2.   “When any person pleads nolo contendere to a misdemeanor or criminal traffic offense ․ there shall be imposed as a cost in the case ․” § 27.3455(1), Fla. Stat. (1993) (emphasis added).

3.   Although Judge Sawaya provides an insightful statutory construction analysis in his dissent, see McNeil, 162 So. 3d at 277–81 (Sawaya, J., dissenting), the rules of statutory construction are only appropriate when a court is unable to discern the plain meaning of a statute. Fajardo v. State, 805 So. 2d 961, 964 (Fla. 2d DCA 2001). In this case, however, the plain language of each statute is unambiguous and provides that the costs be assessed per count, and therefore, there is no need to resort to the rules of statutory interpretation.

4.   Van Vorous does, however, cite to Hunter, 651 So. 2d 1258, in reaching its conclusion. As previously discussed, Hunter held that costs imposed under section 960.20, Florida Statutes (Supp. 1992), should be assessed per case based on the plain language of the statute:  “[T]here shall be imposed as an additional cost in the case ․”

5.   See majority op. at 7 (citing Rafael v. State, 679 So. 2d 314, 315 (Fla. 1st DCA 1996);  Hunter v. State, 651 So. 2d 1258, 1260 (Fla. 1st DCA 1995);  Hollingsworth v. State, 632 So. 2d 176, 177 (Fla. 5th DCA 1994));  majority op. at 8 (citing Mills v. State, 672 So. 2d 873, 873–74 (Fla. 2d DCA 1996));  see also McNeil, 162 So. 3d at 281 (Sawaya, J., dissenting) (citing Stickles v. State, 44 So. 3d 653, 654 (Fla. 1st DCA 2010);  Webster v. State, 705 So. 2d 970, 971 (Fla. 2d DCA 1998);  Van Vorous v.

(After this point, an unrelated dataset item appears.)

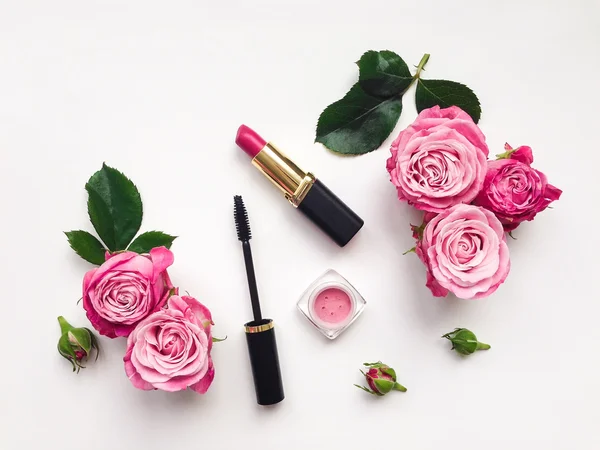 Decorative flat lay composition with cosmetics and flowers — Stock Photo, Image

State, 696 So. 2d 1317, 1318 (Fla. 1st DCA 1997);  Seeker v. State, 674 So. 2d 853, 853 (Fla. 1st DCA 1996);  Neal v. State, 669 So. 2d 1113, 1114 (Fla. 1st DCA 1996);  Stephens v. State, 667 So. 2d 312, 313 (Fla. 1st DCA 1995);  Smith v. State, 661 So. 2d 378, 378 (Fla. 1st DCA 1995);  Renaud v. State, 660 So. 2d 408, 408 (Fla. 1st DCA 1995);  Nguyen v. State, 655 So. 2d 1249, 1249 (Fla. 1st DCA 1995)).

LABARGA, C.J.

LEWIS, CANADY, POLSTON, and LAWSON, JJ., concur. PARIENTE, J., dissents with an opinion, in which QUINCE, J., concurs.